Print the whole listing again exactly, keeping no pictures in it.

Data below -
• • • •

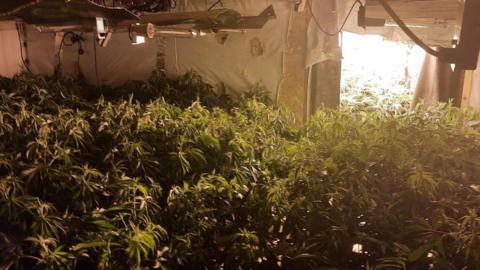 Cannabis plants covering the floor under lamps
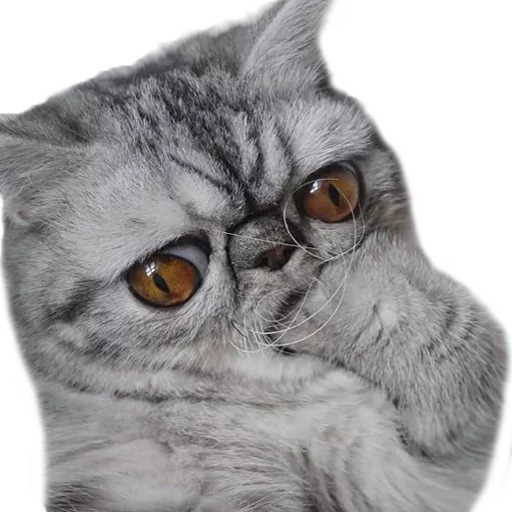 Стикер Котбезумен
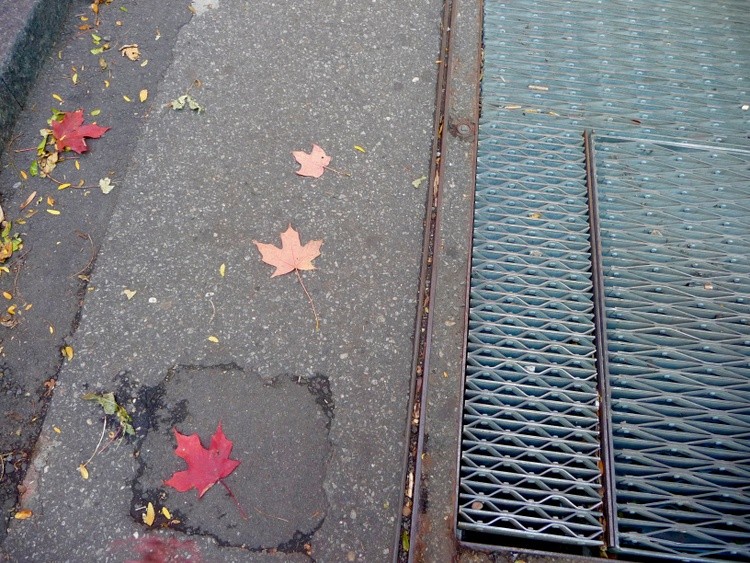 Leaves in the Street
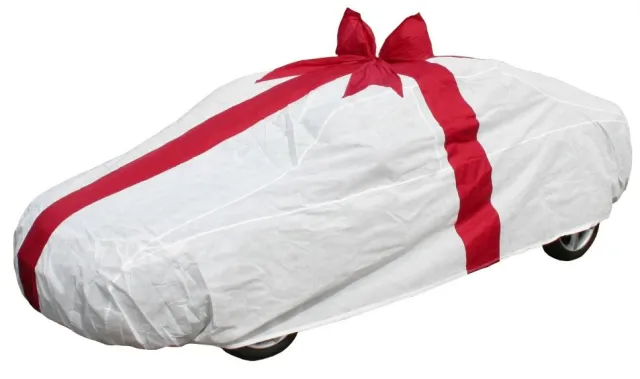 Bild: Das wahrscheinlich größte Geschenk der Welt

• • • •

Solution for this exercise -
 Cannabis plants covering the floor under lamps
 Стикер Котбезумен
 Leaves in the Street
 Bild: Das wahrscheinlich größte Geschenk der Welt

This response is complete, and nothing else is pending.